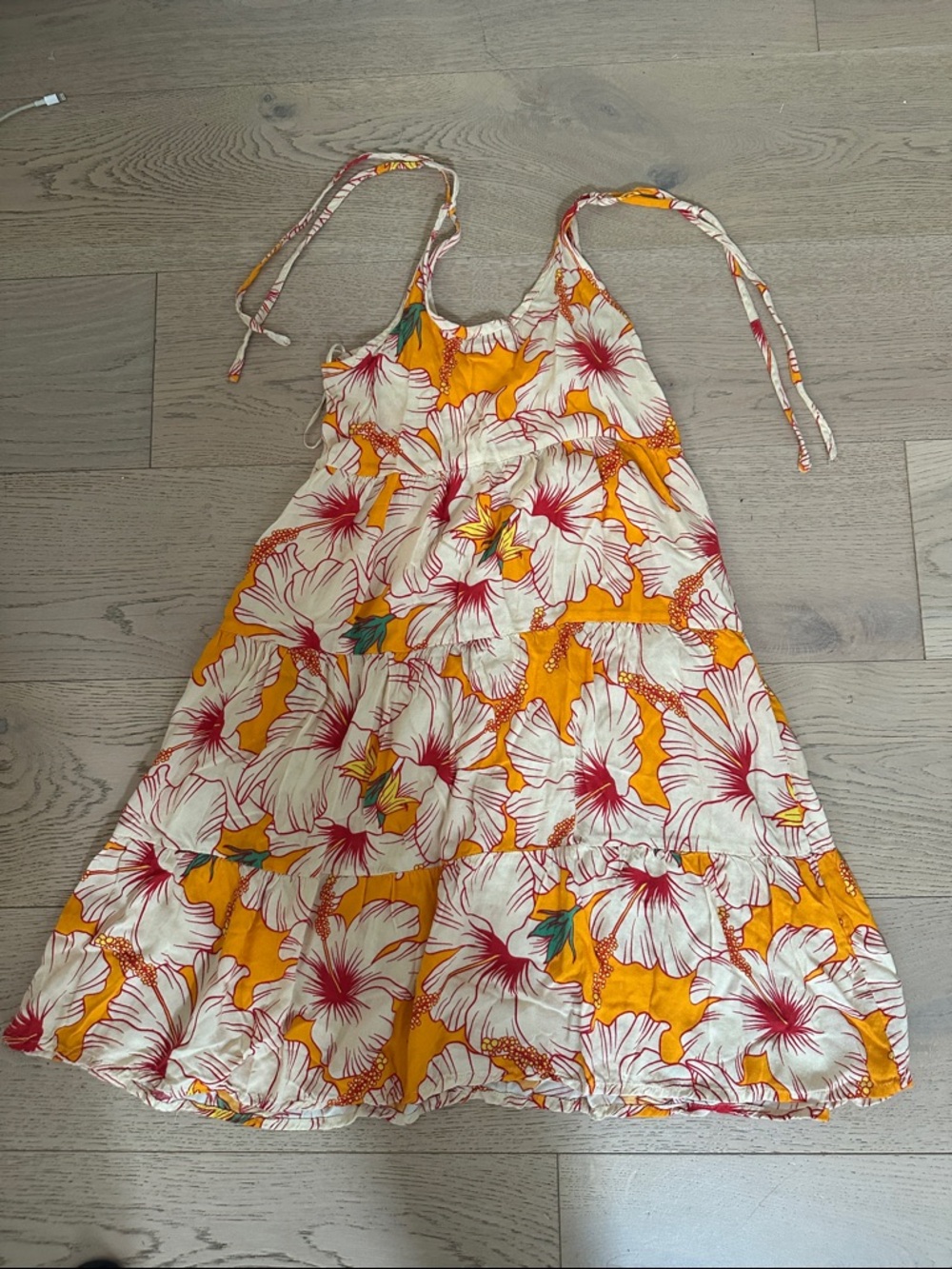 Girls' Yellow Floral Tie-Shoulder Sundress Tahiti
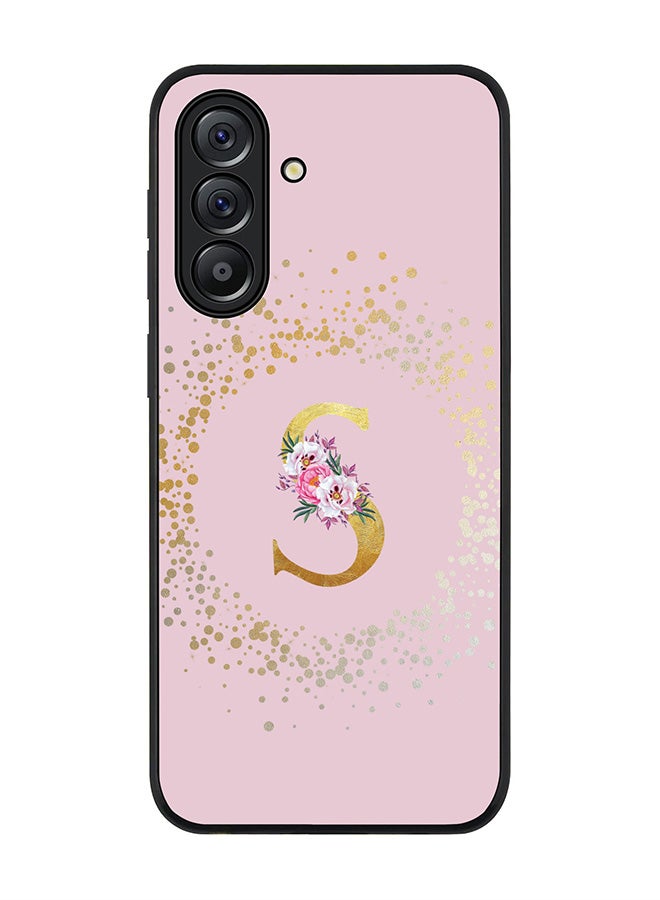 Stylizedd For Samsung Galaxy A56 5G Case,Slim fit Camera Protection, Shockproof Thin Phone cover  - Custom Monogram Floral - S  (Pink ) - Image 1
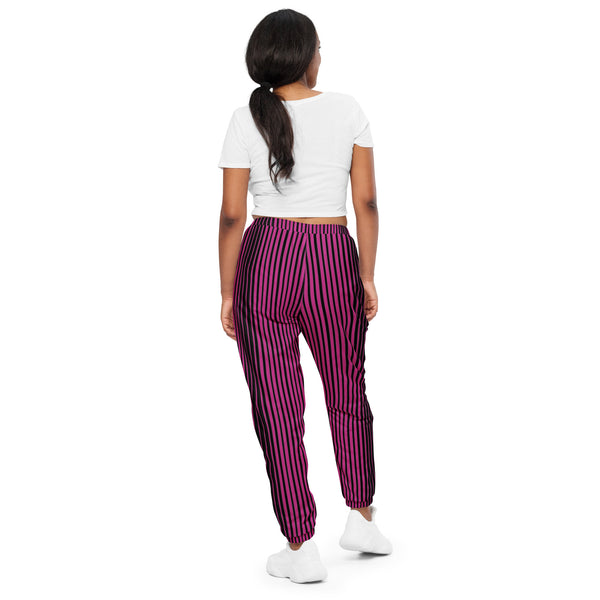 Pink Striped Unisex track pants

--- Problem description ---
Omit the pictures and repeat the rest of the listing verbatim.

--- Expected output ---
 Girls' Yellow Floral Tie-Shoulder Sundress Tahiti
 Stylizedd For Samsung Galaxy A56 5G Case,Slim fit Camera Protection, Shockproof Thin Phone cover  - Custom Monogram Floral - S  (Pink ) - Image 1
 Pink Striped Unisex track pants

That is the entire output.